Investors had been selling stocks since Jan. 5 when December meeting minutes showed Fed officials discussing how “very tight” job market and unabated inflation might require interest rate hikes sooner than expected and a reduction of the Fed’s overall asset holdings as a second brake on the economy.
While investors will anxiously watch inflation data due out on Wednesday, Cruz notes that they are already prepared for an elevated number with consensus forecasts for a 7% increase on a year-on-year basis for the headline Consumer Price Index (CPI).
Core CPI, which excludes food and energy prices, is seen rising by 5.4%, according to economists polled by Reuters.
The Dow Jones Industrial Average rose 183.15 points, or 0.51%, to 36,252.02, the S&P 500 gained 42.78 points, or 0.92%, to 4,713.07 and the Nasdaq Composite added 210.62 points, or 1.41%, to 15,153.45.
Eight of the 11 major S&P 500 sectors rose, with growth-heavy sectors like technology, consumer discretionary and communications services contributing most to the S&P’s gains. The biggest percentage gainer was energy, which finished up 3.4%, as crude oil futures rose. [OR]
The S&P snapped a five-day slump, while the Nasdaq added to Monday’s tiny gain. It had started the week with an afternoon comeback that strategists attributed to an influx of retail investors hunting for bargains after an early session sell-off.
Marko Kolanovic, chief global markets strategist at JPMorgan Chase & Co, on Monday issued a research note calling the recent pull-back in riskier assets “arguably overdone” and calling it a buying opportunity. [nL1N2TQ2DY
Also on investor watchlists for this week is the unofficial start of the fourth-quarter earnings season on Friday, with big banks expected to show an uptick in quarterly core revenue thanks to new lending and firming Treasury yields.
Vaccine maker Moderna finished down 5.3% after rising more than 9% on Monday.
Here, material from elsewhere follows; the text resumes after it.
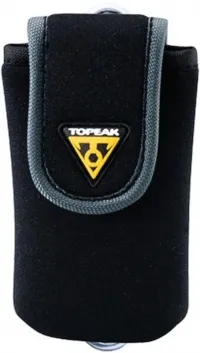 Мультитул Topeak Mini 20 Pro, w/bag, black 0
Pfizer’s vaccine partner BioNTech also fell 6.2%. The World Health Organization said more research is needed to find out if existing COVID-19 vaccines provide adequate protection against the Omicron variant.
Pfizer closed up 0.8%. It said it was reducing its U.S. sales staff jobs as it expects doctors and other healthcare providers to want fewer face-to-face sales meetings after the COVID-19 pandemic ends.
Casino operator Las Vegas Sands Corp rose 6.6% after J.P. Morgan upgraded the stock to a “overweight” rating.
International Business Machines fell 1.6% after UBS downgraded the stock to “sell” and slashed its price target.
Advancing issues outnumbered declining ones on the NYSE by a 3.05-to-1 ratio; on Nasdaq, a 2.23-to-1 ratio favored advancers.
The S&P 500 posted 28 new 52-week highs and no new lows; the Nasdaq Composite recorded 42 new highs and 108 new lows.
On U.S. exchanges 10.58 billion shares changed hands compared with the 10.55 billion average for the last 20 sessions.